- This model has not been tested for potential bias based on race, skin color, etc, as such it is not designed for real-world use unless comprehensively tested and reformed.
- Be aware of the ethical issues behind sex/gender classification before using this code.
I have used the VGG Face Descriptor model for transfer learning, to train a new model for classifiying sex in the Adience dataset.
After training for 3 epochs on my laptop (~7 hours):
Set | Accuracy | Binary Crossentropy |
---|---|---|
Trainin set | 0.9670 | 0.0897 |
Validation set | 0.9275 | 0.2631 |
We can see it is slightly overfitting to training data. Allowing for more data augmentation, or using a bigger training set can possibly help with this. Another option will be to start from a lower layer of the VGG-face model when building the new classifier on top of it. Currenly I'm building on top of layer 30 out of the 53 total layers in VGG-face. (53 layers when counting padding and activation layers separately). See explanations below for more on this.

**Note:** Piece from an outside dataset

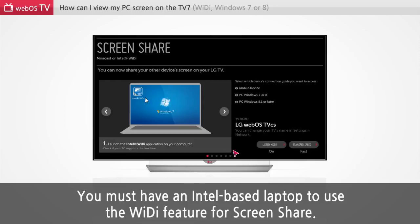You must have an Intel-based laptop to use the WiDi feature for screen share.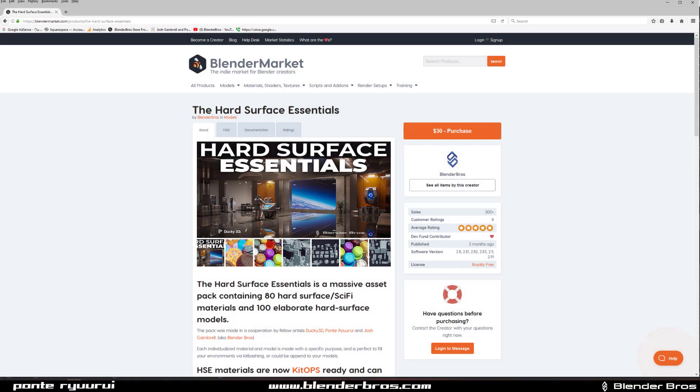Hey guys, you're here with Notever for Blender. This is going to be a quick announcement for the Hard Surface Essential Pack that we released some time ago together with Ducky 3D. There were 80 hard surface materials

The code provides three options for running:
Use the argument classify when running the command:
Example:
$python3.7 train_adience_gender.py classify -m trained_gender_classifier.h5 -i ../data/adience/combined/valid/11_F/landmark_aligned_face.957.12059888826_929090d81b_o.jpg
****
output class is female. (sigmoid value=0.025847017765045166)
****
Use the argument train when running the command:
Example:
$python3.7 gender_classifier.py train -w ../../vgg_face_torch/VGG_FACE.t7 -i ../../data/adience/combined -o ~/output_model.h5 -e 1
- input argument for "-w" specifies the file for weights of the pretrained model, downloadable from here
- input argument for "-i" specifies the directory for the images of the Adience dataset. It includes two subdirectories: aligned and valid. It can be downloaded from here.
- "-o" specifies the filename and the path to where the trained model should be stored
- "-e" is the number of epochs to train, 1-3 should be enough. By default it is set to 1.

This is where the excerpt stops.